1 The PAROLE lexica - key notions

PAROLE lexica are primarily designed for various NLP application areas. Therefore, all information has to be formulated in a theory neutral and application independent way; this means that the lexica must not be dedicated to a particular linguistic theory or implementation. All PAROLE lexica share common core specifications and a common information structure. The practical solution adopted for the lexicon work is to follow a common approach:

the generic descriptive PAROLE model (which is based on the GENELEX3 [5] model) is used by all languages
the use of basic morphosyntactic features and values is in agreement with the relevant general and language specific recommendations of EAGLES2 [12]
the in [4] dividual language groups use a common descriptive language and basically harmonized encoding strategies. This, however, allows for some freedom e.g. in choosing more general or more detailed levels of linguistic information and in structuring this information.
Additionally, two working principles should be followed in lexicon work:

labour and time saving through re-use of existing computational lexicon material
ensuring high quality and reliability by means of corpus-based or corpus-supported encoding (if feasible).
The common properties of the lexica will ensure their cross-compatibility which is a prerequisite for establishing multilingual links between them.

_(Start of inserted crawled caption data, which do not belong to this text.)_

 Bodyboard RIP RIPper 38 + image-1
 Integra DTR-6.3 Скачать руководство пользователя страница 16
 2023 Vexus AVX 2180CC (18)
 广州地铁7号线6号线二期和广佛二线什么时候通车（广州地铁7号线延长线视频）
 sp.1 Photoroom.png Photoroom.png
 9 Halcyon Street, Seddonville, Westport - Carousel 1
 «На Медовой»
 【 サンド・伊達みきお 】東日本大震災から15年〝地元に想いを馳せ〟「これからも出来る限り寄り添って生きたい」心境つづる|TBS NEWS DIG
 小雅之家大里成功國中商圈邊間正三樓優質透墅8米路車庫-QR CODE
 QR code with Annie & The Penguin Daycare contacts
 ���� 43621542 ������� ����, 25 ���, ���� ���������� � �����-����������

2 Information structure in the PAROLE lexica

In the PAROLE model the lemma is described at three lingusitic levels: morphology, syntax and semantics. Each level has its own entity type, namely the simple morphological unit, MuS, syntactic unit, SynU, and semantic unit, SemU, respectively. They are linked to each other in the following way.

A MuS comprises the morphological DESCRIPTION of the lemma. A SynU contains the DESCRIPTION of the syntactic behaviour(s) of the lemma. A MuS - having at least one syntactic instantiation - requires a link to at least one (but possibly more) SynU(s). Correspondingly, one or more SemUs can be linked to a SynU, furthermore one SemU can be linked to more than one SynU e.g. in the case of near-synonyms.

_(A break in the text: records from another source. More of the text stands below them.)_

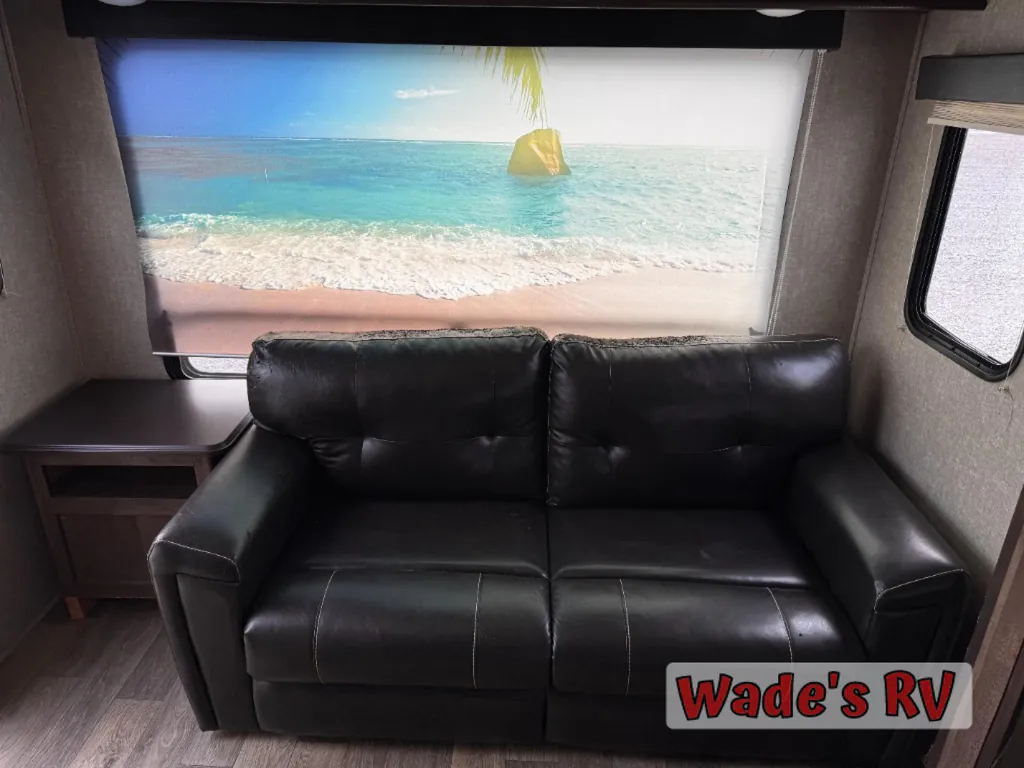 2017 Forest River Vibe 278RLS, Photos photo 20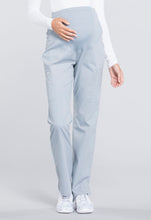 Load image into Gallery viewer, 63% Polyester 34% Cotton 3% Spandex
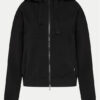 Deha Суитшърт A00322 Черен Regular Fit за Жени цена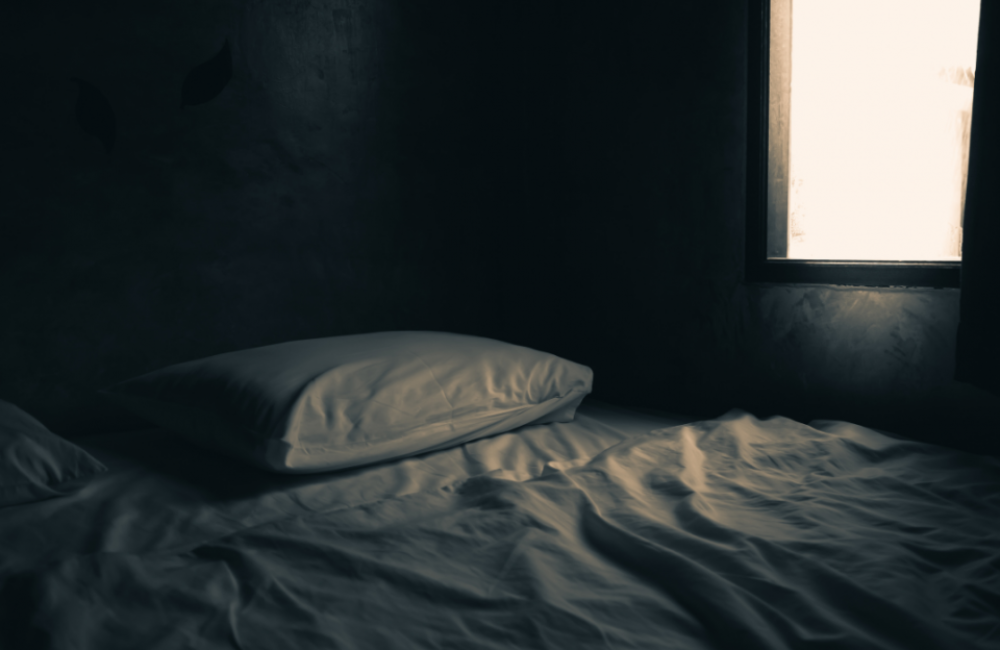 cama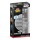 Star Wars Bitty POP! Vinyl Figur Display Death Star 20 cm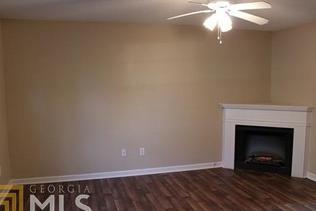 /static/images/house/35135/926932d7d00c6ea2f5e8c4399b88e5a4.jpg
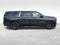 2022 Chevrolet Suburban High Country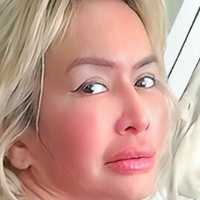 nikkichu Alaston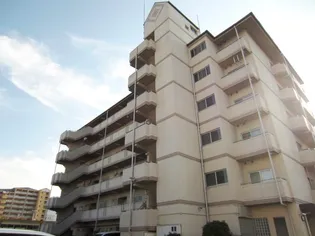 パークサイドTANAKAの画像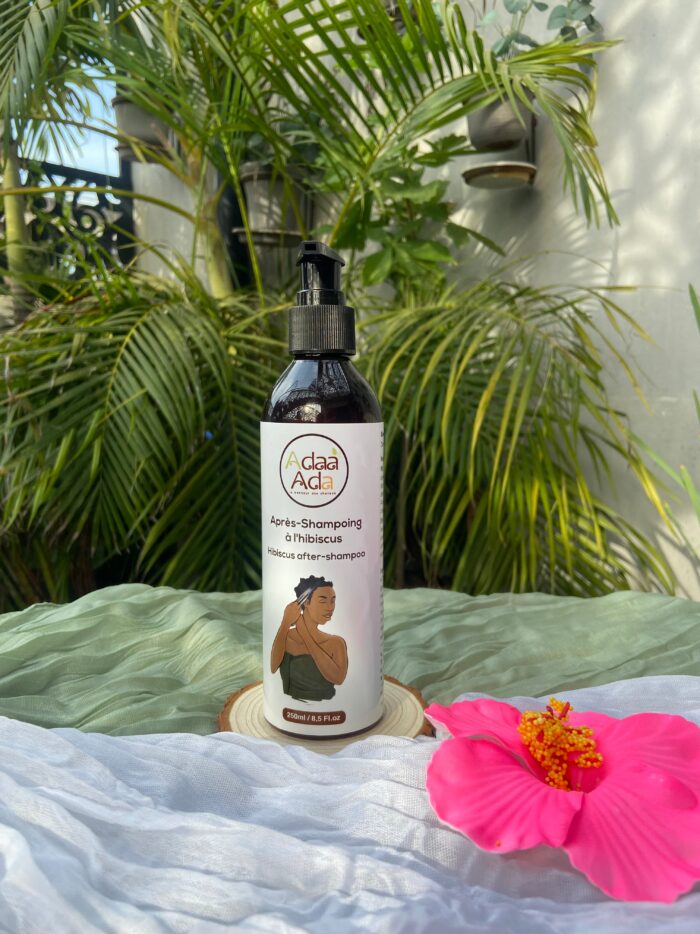 4EFB142F-B85B-47F0-83E2-2D59840C80C2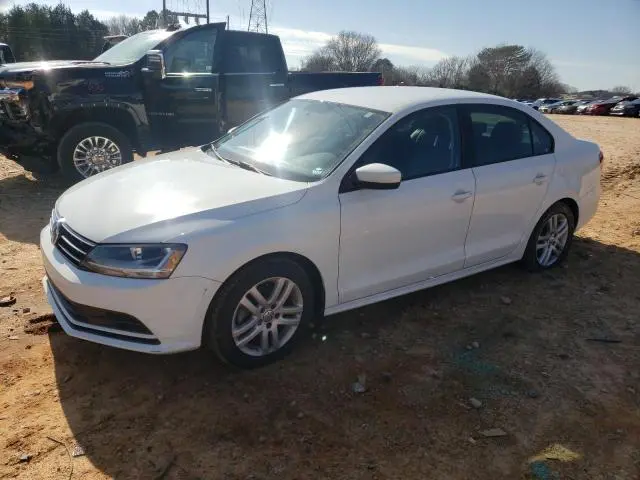 3VW2B7AJ2JM243274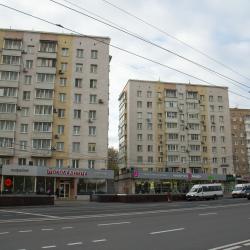 фото 2 InHome24 (ИнХоум24) на улице Большая Якиманка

The semantic level of DESCRIPTION is not worked with in the PAROLE project, it will be elaborated in the SIMPLE4 project which will be launched on 1st May 1998.

At each linguistic level the model allows for a variable depth of DESCRIPTION from basic to highly detailed. Basic information types are mandatory for the PAROLE lexicon these being, at the morphological level, category (and subcategory), all inflectional properties and spelling variants.

At the syntactic level subcategorisation features make up the basic information. The syntactic behaviour of a unit is characterised by the number, syntactic function and syntactic category of complements it subcategorises for. Other features are linear order constraints and control (where appropriate).

3 Syntax in the PAROLE model

In the Danish implementation the syntactic level describes in general purely syntactically observable features. This means that semantic ambiguities of a syntactic unit are not captured if they are not reflected by different surface realisations. Although the following presentation of the syntactic level is somewhat simplified it may indicate the highly structured information modelling. Further details can be found in the report on encoding Danish verbs Navarretta [13].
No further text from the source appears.